En el fondo del escondite se apilaban unos cuadernos escolares fechados en los años 1939 y 1940, cuando Evita se abría paso como actriz en el teatro. Las páginas impares comenzaban con palabras varias veces subrayadas, Uñas, Cabeyos, Piernas, Maquiyaje, Nariz, Ensayos y Gastos de ospital, seguidas por una lista de recomendaciones que siempre quedaban sin terminar.

Renzi empezó a leerlas pero se detuvo, sorprendido de su indiscreción. Había sido en extremo cuidadoso de la intimidad de la Señora mientras Ella vivía, y pensó que tanto más respetuoso debía mostrarse ahora que Evita no estaba allí para defenderse. Aquellos cuadernos correspondían a la etapa más secreta e infortunada de su corta vida y, por lo tanto, no debían caer bajo los ojos de ningún intruso. Eran lecturas apropiadas sólo para una madre, pensó Renzi, y fue en ese momento cuando decidió entregárselos a doña Juana.

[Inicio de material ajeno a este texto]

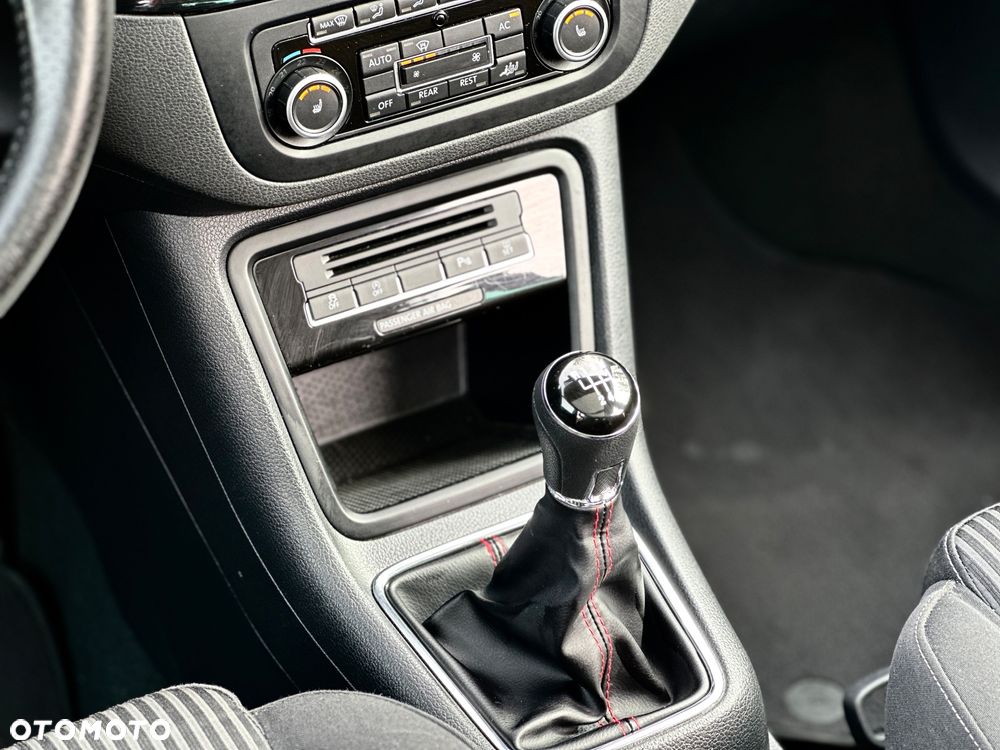 Seat Alhambra 2.0 TDI Ecomotive 4Kids - 29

Dejó las hojas mecanografiadas de Mi mensaje en el cajón disimulado del secreter y ocultó los cuadernos escolares y el manuscrito del libro entre las ropas de su equipaje. A medianoche cerró todas las puertas de la residencia con llaves dobles y salió a la lluvia, en busca de un taxi.

Dos meses después, cuando por fin juntó coraje para encontrarse con doña Juana, Ella estaba demasiado nerviosa para apreciar aquellos documentos en lo que valían. Los dejó desguarnecidos, sobre las valijas, y agradeció la dádiva con una de esas frases torpes y no pensadas que le habían dado fama de mujer sin sentimientos: «Mire cómo tengo la casa y encima usted viene a traerme más papeles. ¿Ha visto las abejas afuera? Véalas. Me dan temor Hay miles.» Renzi le volvió la espalda y se retiró sin saludar, para siempre, tanto de aquel vestíbulo como de esta historia.

En el dormitorio, la madre soportó otro asedio de los calambres. Hacía calor y la humedad pesaba como cieno. Se aferró a un corto paréntesis sin dolor y, mientras estaba allí, quieta, tuvo la sensación de que tocaba algún fin con la punta de los dedos. ¿El fin del mundo? No soy yo la que se está yendo, es lo que me rodea. Este es el fin de mi país. El fin sin Eva, sin Juancito. El fin de mi familia. Hemos caído al otro lado de la muerte sin darnos cuenta. Cuando me quiera mirar en el espejo no veré nada, no habrá nadie. Ni siquiera yo podré irme de aquí, porque nunca he venido.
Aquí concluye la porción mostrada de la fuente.